Zakia and Ali were from different tribes, but they grew up on neighboring farms in the hinterlands of Afghanistan. By the time they were young teenagers, Zakia, strikingly beautiful and fiercely opinionated, and Ali, shy and tender, had fallen in love. Defying their families, sectarian differences, cultural conventions, and Afghan civil and Islamic law, they ran away together only to live under constant threat from Zakia’s large and vengeful family, who have vowed to kill her to restore the family’s honor. They are still in hiding.
Despite a decade of American good intentions, women in Afghanistan are still subjected to some of the worst human rights violations in the world.

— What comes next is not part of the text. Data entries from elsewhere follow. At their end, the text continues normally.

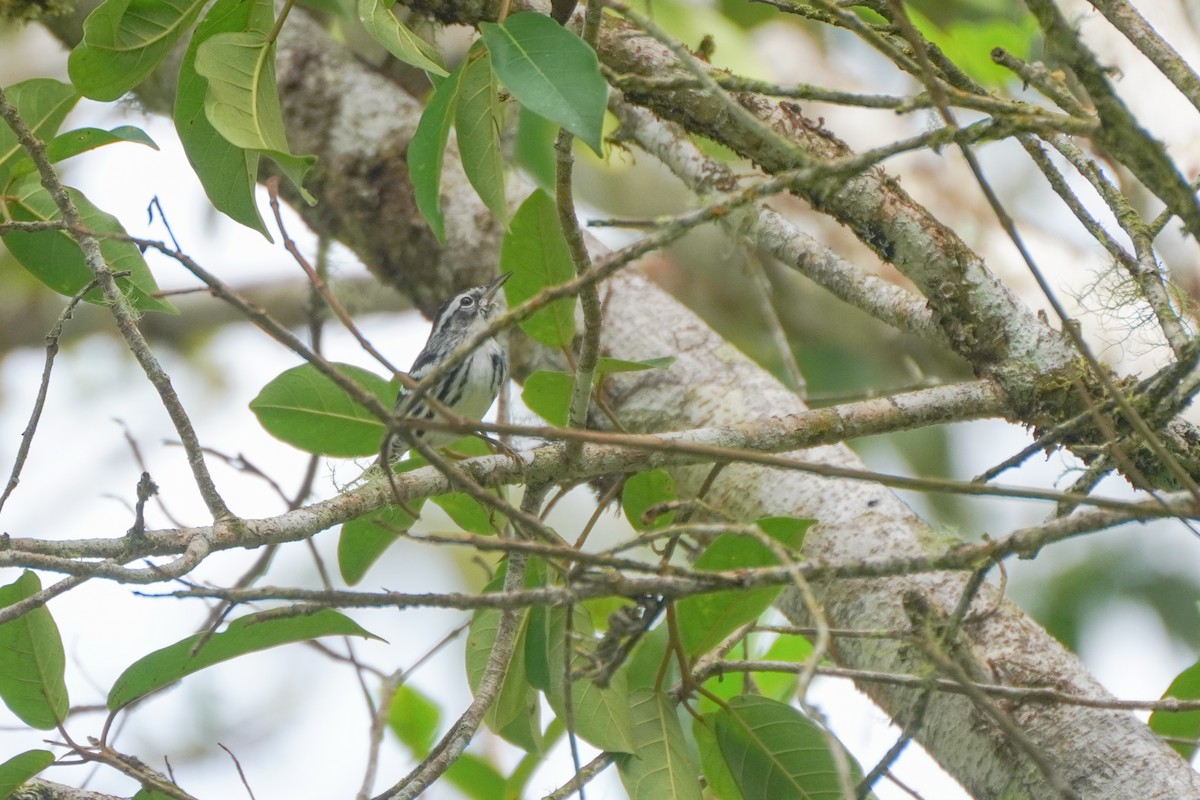 Black-and-white Warbler - ML646126186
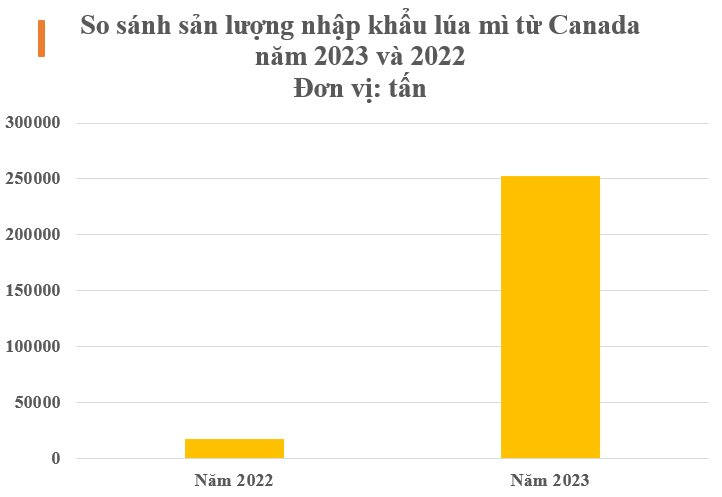 Mặt hàng từ Canada đổ bộ Việt Nam với giá rẻ bất ngờ, nhập khẩu tăng nóng hơn 1.000% trong năm 2023 - Ảnh 2
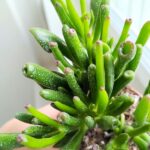 Crassula gollum / grubosz / drzewko szczęścia / "uszy shreka" ms - obrazek 13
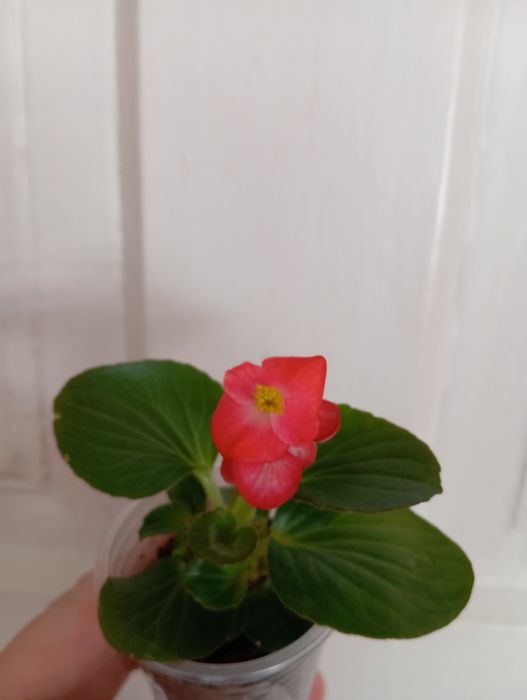 Бегонія вічноквітуча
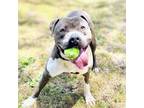 Adopt Wallaby a Pit Bull Terrier, Cane Corso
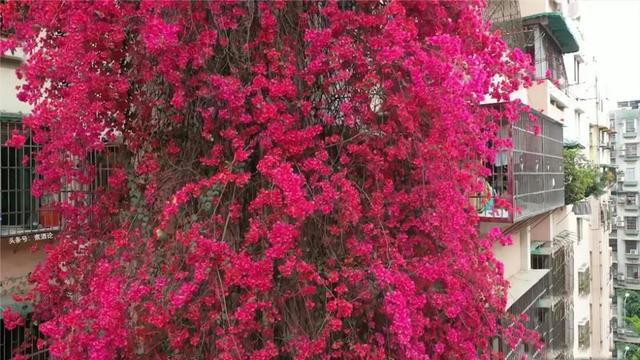 看，高27米“花瀑布”从楼顶倾泻而下！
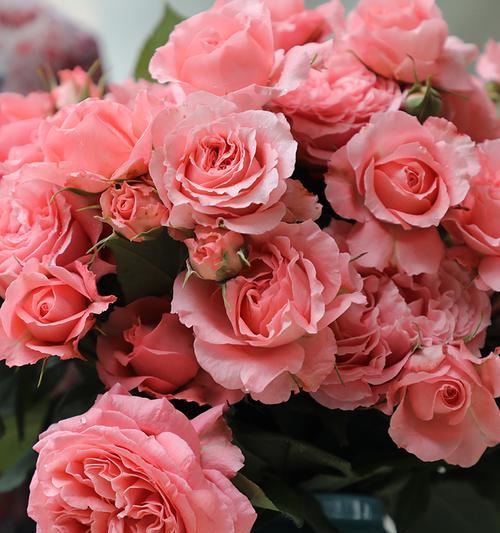 珊瑚色玫瑰花的花语是什么？它象征着什么？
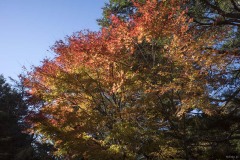 紅葉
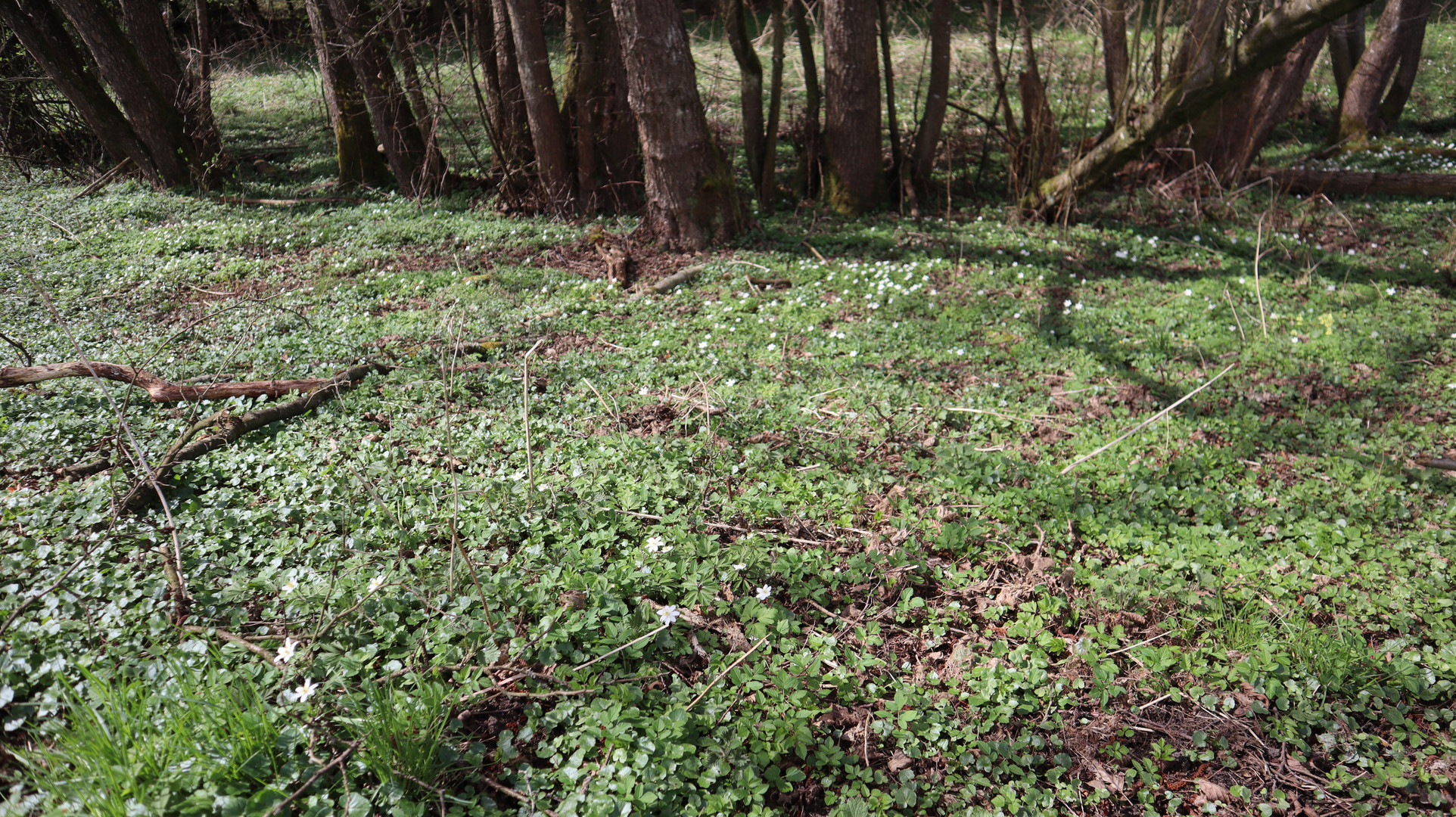 Auenwald mit Märzenbecher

Rod Nordland, then the Kabul bureau chief of the New York Times, had watched these abuses unfold for years when he came upon Zakia and Ali, and has not only chronicled their plight, but has also shepherded them from danger.

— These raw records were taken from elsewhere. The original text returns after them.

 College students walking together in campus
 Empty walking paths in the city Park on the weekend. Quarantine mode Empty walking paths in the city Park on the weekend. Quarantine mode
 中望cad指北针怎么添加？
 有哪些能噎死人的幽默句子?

The Lovers will do for women’s rights generally what Malala’s story did for women’s education. It is an astonishing story about self-determination and the meaning of love that illustrates, as no policy book could, the limits of Western influence on fundamentalist Islamic culture and, at the same time, the need for change.
Rod Nordland is the New York Times’s Pulitzer Prize–winning international correspondent at large. Formerly the paper’s Kabul bureau chief, he has worked as a foreign correspondent in more than 150 countries. Previously he was Newsweek’s chief foreign correspondent, serving as Baghdad bureau chief from 2003–2005. He was part of a team that won a Pulitzer Prize for news reporting and also a finalist for a Pulitzer in international reporting from Southeast Asia. He has received two George Polk awards; several Overseas Press Club awards, and many other honors. He is the author of The Lovers: Afghanistan’s Romeo & Juliet.